How High Is the Ceiling For Amon-Ra St. Brown?

Photo Credit: Raj Mehta (USA TODAY Sports)

A month ago, the Detroit Lions were winless. They needed a victory, but they also needed to find out what they had in some of their young players. Fast forward a month later, and the Lions are riding high, having won two of their last three games and discovered an absolute gem in rookie wide receiver Amon-Ra St. Brown. So, how high is this exciting rookie’s ceiling?

After expectations of Tyrell Williams being the go-to guy never manifested due to injury, Detroit’s wide receiver corps limped into the regular season. Quintez Cephus suffered a season-ending injury as well. Logically, it made sense to expect Detroit to start feeding the rookie out of USC to see what they had with him.
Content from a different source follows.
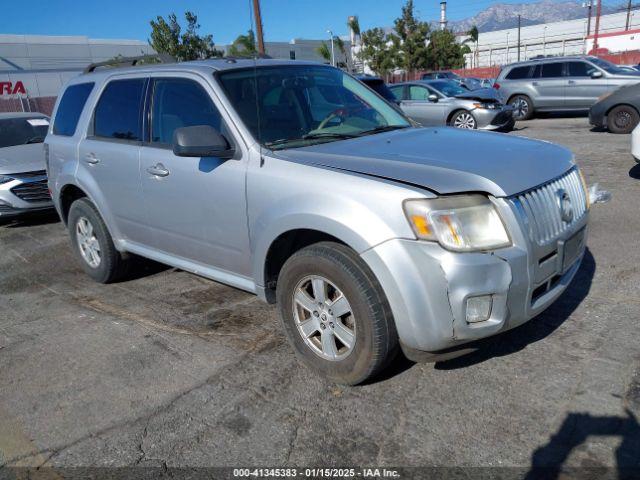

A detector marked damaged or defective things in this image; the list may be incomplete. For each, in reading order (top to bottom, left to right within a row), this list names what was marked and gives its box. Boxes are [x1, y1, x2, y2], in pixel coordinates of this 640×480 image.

cracked asphalt [0, 117, 636, 472]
Through November, it never quite came. In the last three weeks, he’s been in demon mode.

Before the last three games, the most action St. Brown had seen in a game in his rookie campaign came on Oct. 10 against the Minnesota Vikings. He had seven receptions on eight targets for 65 yards in a loss to Minnesota. Those numbers pale in comparison to what he’s done lately.

Three weeks ago against the Vikings, St. Brown had 10 receptions on 12 targets and had the game-sealing touchdown as time expired to beat the Vikings and notch the first win of the year for Detroit.

Jared Goff had the confidence to go to the rookie on the final play, and the sure-handed St. Brown made the play of the game. The celebration was on. There was no hangover effect. St. Brown saw a dozen more targets the following week and hauled in eight of them for 73 yards against a stingy Denver Broncos defense. It was much of the same in Sunday’s win against the Arizona Cardinals in what has become the norm for St. Brown.

In Detroit’s wild upset, St. Brown got rolling early and finished with eight receptions for 90 yards and a touchdown on a team-leading 11 targets. Goff has taken notice of how great St. Brown has been.

“He’s a stud,” Goff said. “He’s a stud. I’ll say it again, he’s a stud. He’s a stud. We’ve known it since training camp.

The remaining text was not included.